Assigned task:
Please return the records below exactly as they stand, with the pictures removed.

--- Source material Enclosed Below ---

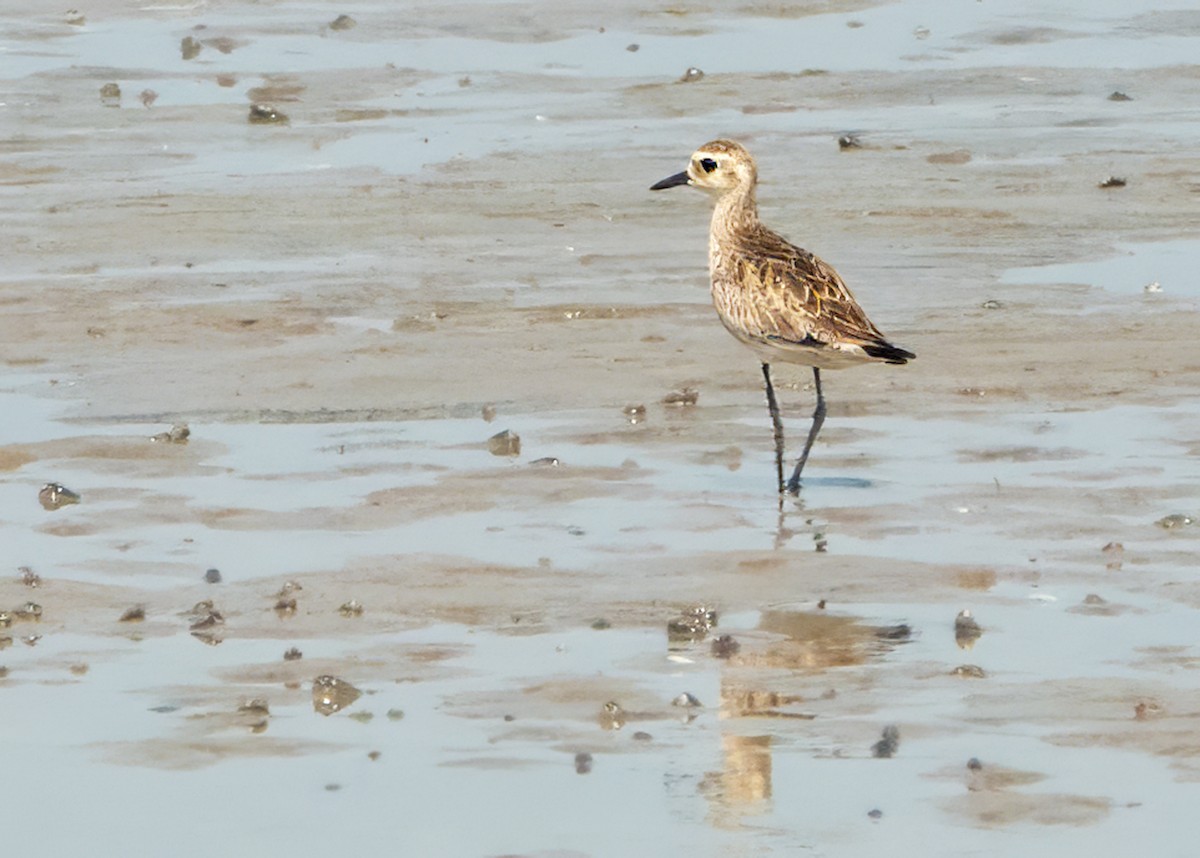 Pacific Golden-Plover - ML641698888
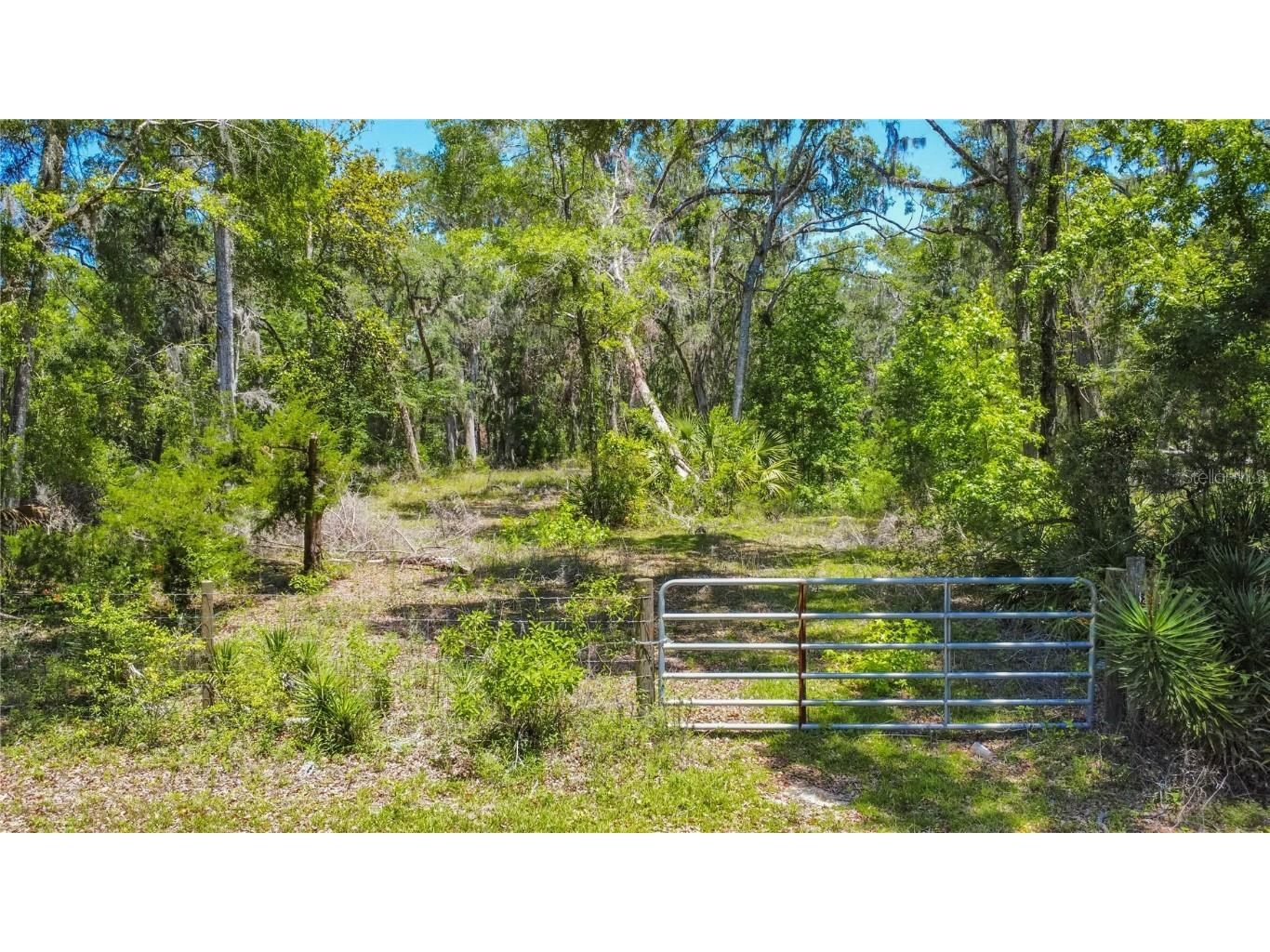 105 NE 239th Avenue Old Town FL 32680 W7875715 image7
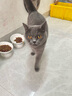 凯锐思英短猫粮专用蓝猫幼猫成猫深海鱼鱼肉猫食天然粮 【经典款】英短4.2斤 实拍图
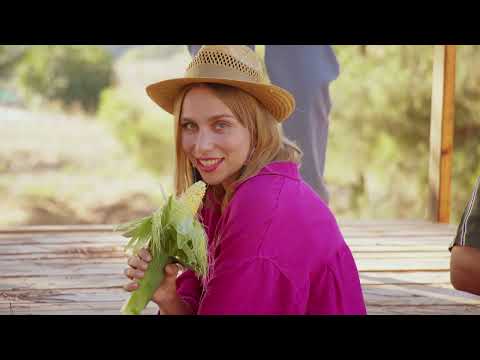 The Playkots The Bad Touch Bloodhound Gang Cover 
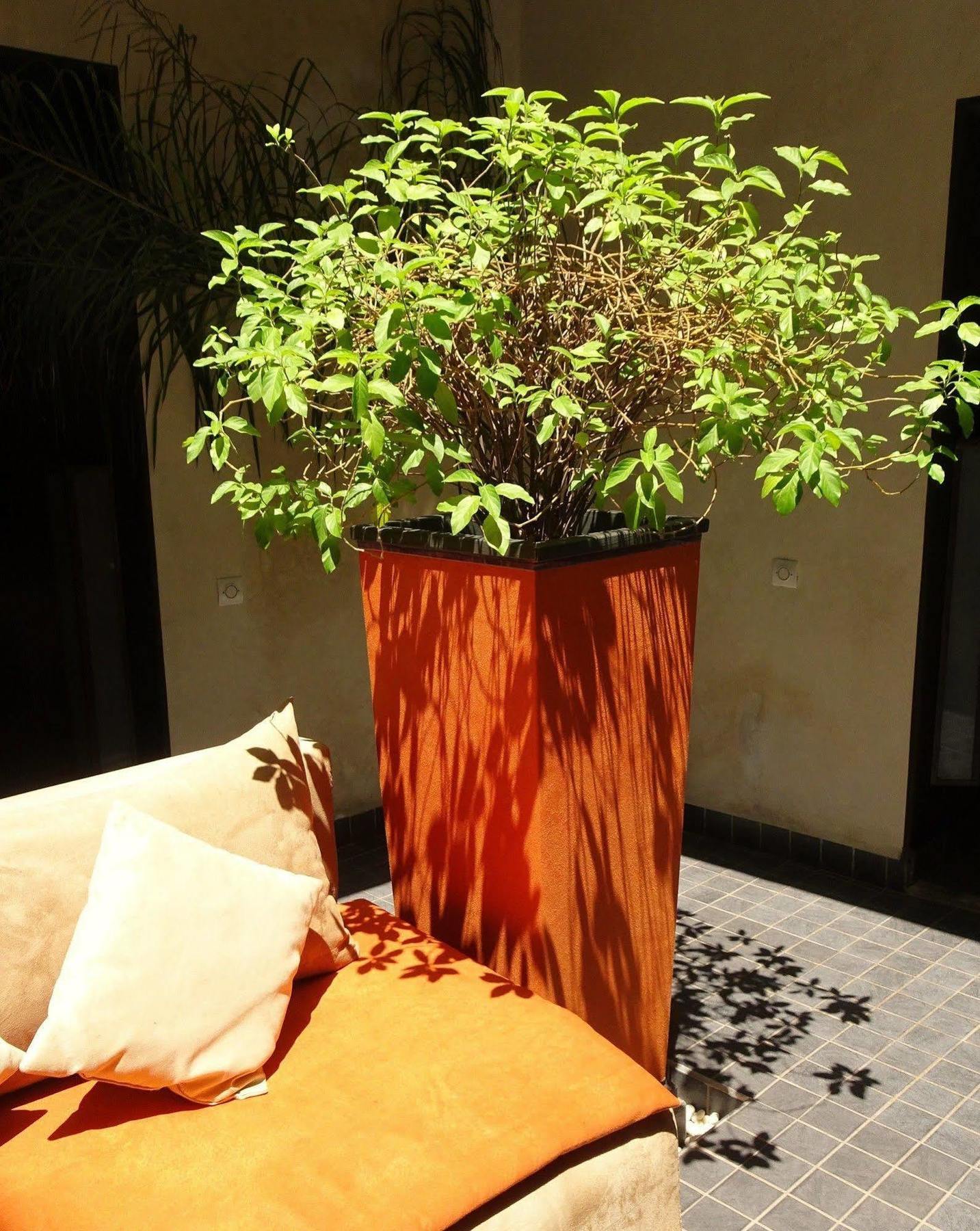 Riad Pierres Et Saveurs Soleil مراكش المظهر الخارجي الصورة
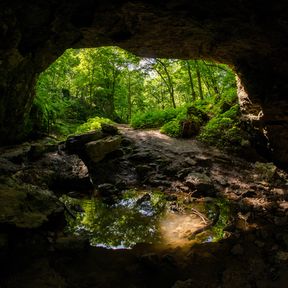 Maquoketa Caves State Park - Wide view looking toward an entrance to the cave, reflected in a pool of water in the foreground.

--- End of Enclosed Source material ---

Response to the exercise:
 Pacific Golden-Plover - ML641698888
 105 NE 239th Avenue Old Town FL 32680 W7875715 image7
 凯锐思英短猫粮专用蓝猫幼猫成猫深海鱼鱼肉猫食天然粮 【经典款】英短4.2斤 实拍图
 The Playkots The Bad Touch Bloodhound Gang Cover 
 Riad Pierres Et Saveurs Soleil مراكش المظهر الخارجي الصورة
 Maquoketa Caves State Park - Wide view looking toward an entrance to the cave, reflected in a pool of water in the foreground.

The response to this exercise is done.